Prompt ▸ Only the lines from the top of the data through the line with "MaiYaCa Высокое качество" should be repeated, each exactly as written.

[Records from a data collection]

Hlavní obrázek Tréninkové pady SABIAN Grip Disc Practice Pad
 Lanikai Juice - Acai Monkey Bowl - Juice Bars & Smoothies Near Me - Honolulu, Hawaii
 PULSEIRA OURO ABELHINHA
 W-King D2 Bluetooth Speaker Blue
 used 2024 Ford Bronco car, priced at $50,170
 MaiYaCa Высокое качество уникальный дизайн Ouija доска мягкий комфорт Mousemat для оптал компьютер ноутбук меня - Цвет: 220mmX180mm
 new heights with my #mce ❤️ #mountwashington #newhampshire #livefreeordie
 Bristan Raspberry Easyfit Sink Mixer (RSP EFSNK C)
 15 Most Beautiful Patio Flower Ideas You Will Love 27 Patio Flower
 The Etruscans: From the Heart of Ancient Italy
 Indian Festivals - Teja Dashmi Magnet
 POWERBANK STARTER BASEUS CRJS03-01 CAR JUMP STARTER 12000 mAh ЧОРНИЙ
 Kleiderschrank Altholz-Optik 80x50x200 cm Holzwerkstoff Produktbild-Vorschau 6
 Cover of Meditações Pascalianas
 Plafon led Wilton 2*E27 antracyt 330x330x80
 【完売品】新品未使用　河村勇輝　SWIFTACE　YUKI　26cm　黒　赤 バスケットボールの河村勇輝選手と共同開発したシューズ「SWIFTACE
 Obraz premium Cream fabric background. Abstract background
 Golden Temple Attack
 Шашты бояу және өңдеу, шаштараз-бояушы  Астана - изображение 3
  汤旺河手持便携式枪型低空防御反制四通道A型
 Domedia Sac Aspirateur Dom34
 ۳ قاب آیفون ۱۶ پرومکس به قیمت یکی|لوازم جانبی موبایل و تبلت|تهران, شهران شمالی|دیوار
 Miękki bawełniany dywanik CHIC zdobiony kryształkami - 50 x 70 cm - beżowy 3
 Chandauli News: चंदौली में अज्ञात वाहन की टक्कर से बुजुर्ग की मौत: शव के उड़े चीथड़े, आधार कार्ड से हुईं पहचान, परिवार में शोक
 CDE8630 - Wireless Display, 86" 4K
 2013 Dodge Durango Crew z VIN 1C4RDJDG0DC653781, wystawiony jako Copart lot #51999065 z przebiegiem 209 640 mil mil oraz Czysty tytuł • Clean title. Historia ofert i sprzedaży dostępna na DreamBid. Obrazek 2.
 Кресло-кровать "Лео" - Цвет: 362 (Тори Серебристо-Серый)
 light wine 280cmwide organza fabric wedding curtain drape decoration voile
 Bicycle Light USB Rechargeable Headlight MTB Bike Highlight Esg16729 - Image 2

Written response ▸
Hlavní obrázek Tréninkové pady SABIAN Grip Disc Practice Pad
 Lanikai Juice - Acai Monkey Bowl - Juice Bars & Smoothies Near Me - Honolulu, Hawaii
 PULSEIRA OURO ABELHINHA
 W-King D2 Bluetooth Speaker Blue
 used 2024 Ford Bronco car, priced at $50,170
 MaiYaCa Высокое качество уникальный дизайн Ouija доска мягкий комфорт Mousemat для оптал компьютер ноутбук меня - Цвет: 220mmX180mm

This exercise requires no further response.